A estas contradicciones humanas se suma la tragedia climática y ambiental, quizás la más profunda de todas. La razón instrumental, que transformó la naturaleza en un depósito inagotable de recursos, explotado hasta los límites de lo insostenible. El cambio climático, la deforestación masiva y la extinción acelerada de especies son testimonios del desequilibrio generado por un paradigma técnico que ha socavado el vínculo esencial entre el ser humano y su entorno. En su afán de dominio, el ser humano ha olvidado que la naturaleza no es un territorio de conquista, sino el tejido del que depende su existencia.

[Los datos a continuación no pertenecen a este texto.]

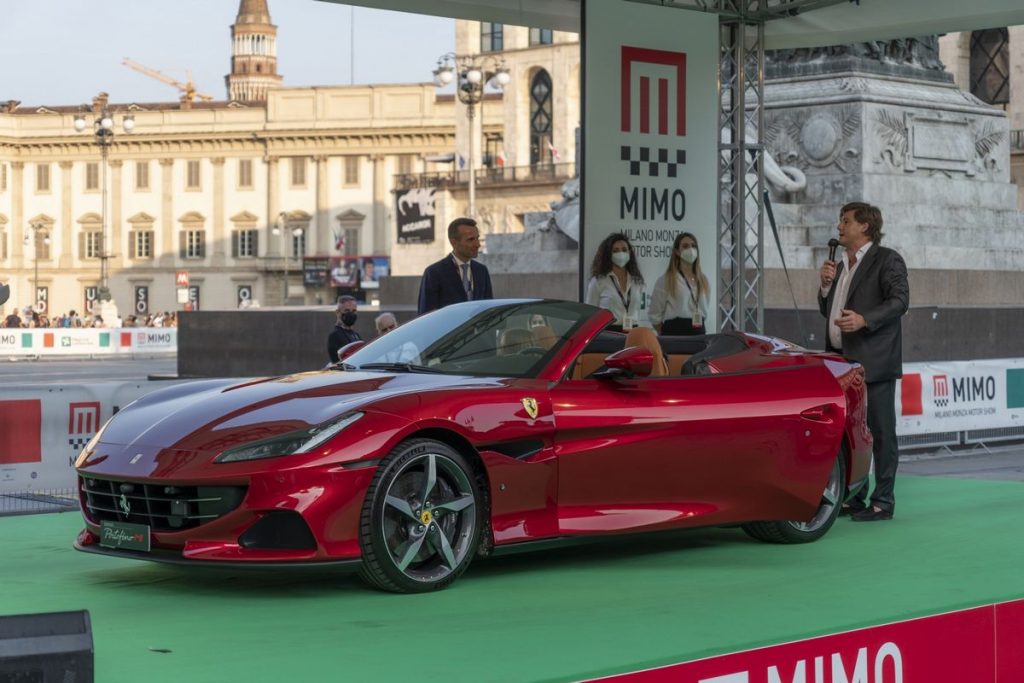 Ferrari in esposizione nel centro di Milano in occasione del MIMO Milano Monza Motor Show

Paralelamente, resuena en Occidente un vacío espiritual que amplifica estas crisis. La pérdida de confianza en las grandes narrativas universales —religiosas, científicas, políticas— ha dejado al individuo contemporáneo varado en el sinsentido. El historiador y escritor israelí Yuval Noah Harari lo describe con precisión: los valores fundamentales del liberalismo, como la libertad individual y los derechos humanos, han comenzado a flaquear, incapaces de ofrecer respuestas contundentes a problemas globales como desigualdades crecientes. Las democracias liberales, antaño portadoras de esperanza, parecen haber perdido su capacidad de ofrecer un horizonte de sentido colectivo.
Frente a este panorama, vale recordar que, pese a la radicalidad de su crítica, los pensadores de Frankfurt no sucumbieron al nihilismo. En su horizonte persistía la posibilidad de una ruptura, una fisura en el continuum de la historia. Este optimismo no descansaba en una fe ingenua en la razón, sino en su capacidad para reconocerse en sus propias contradicciones y, mediante el ejercicio crítico, superarlas. “Ilustrar la Ilustración”, decían, significaba rescatar sus promesas mediante un proceso reflexivo que confrontara sus limitaciones y posibilitara una transformación emancipadora.

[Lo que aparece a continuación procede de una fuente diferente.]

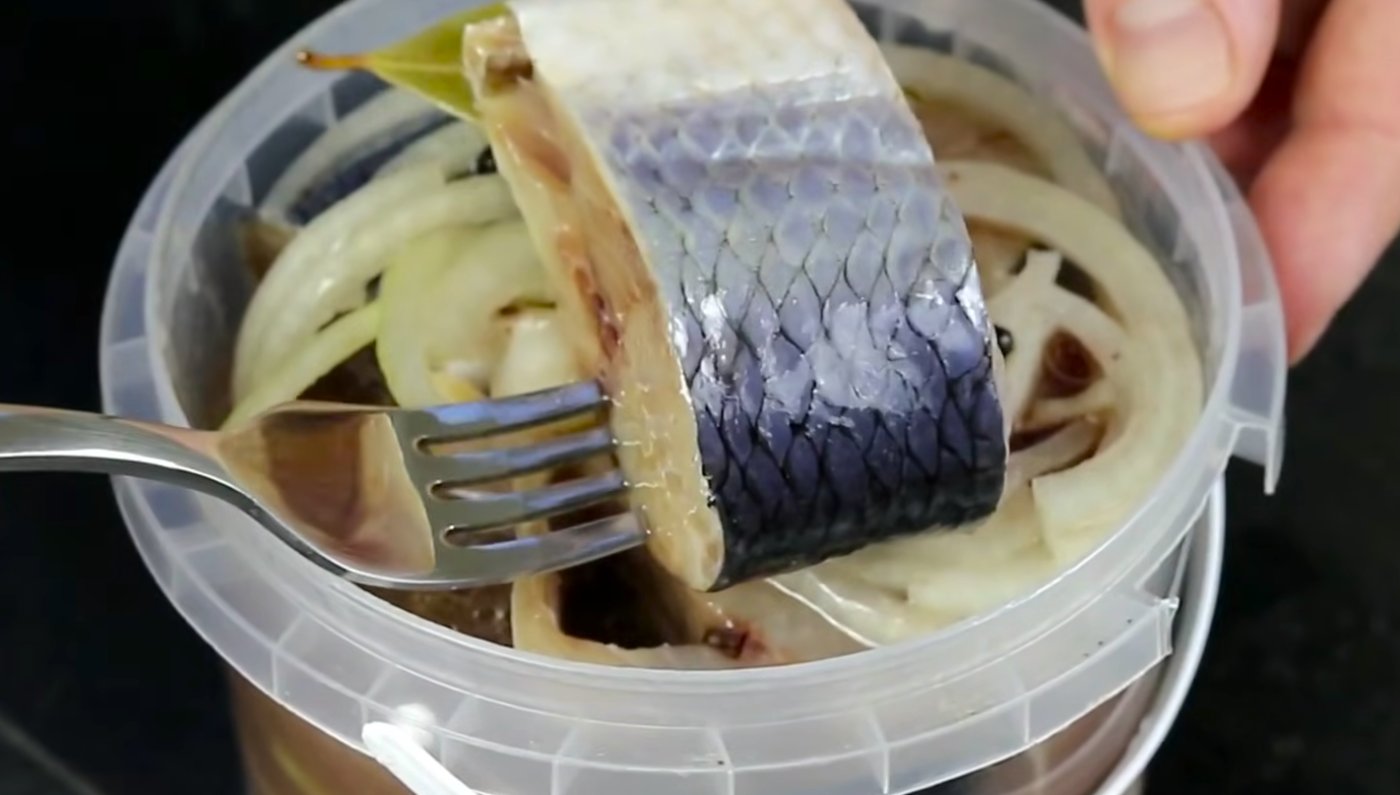 Крутіше за червону рибу! Тепер постійно так готую! Оселедець на Новий рік 2026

El propósito de Adorno y Horkheimer al examinar los procesos de racionalización modernos no era destruirlos, sino revisar sus fundamentos. “La denuncia de aquello que actualmente se llama razón constituye el servicio máximo que puede prestar la razón”,11 escribió Horkheimer. Esta denuncia es, ante todo, un ejercicio de resistencia. La dialéctica, entendida como una herramienta para desenterrar las contradicciones de la realidad, se convierte en la condición indispensable para imaginar algo distinto. En un tiempo donde las crisis se multiplican y las fisuras persisten, el legado de los pensadores de Frankfurt radica en su insistencia en la necesidad de un pensamiento crítico, capaz de realizar una lectura a contrapelo que indague, interrogue y provoque malestar.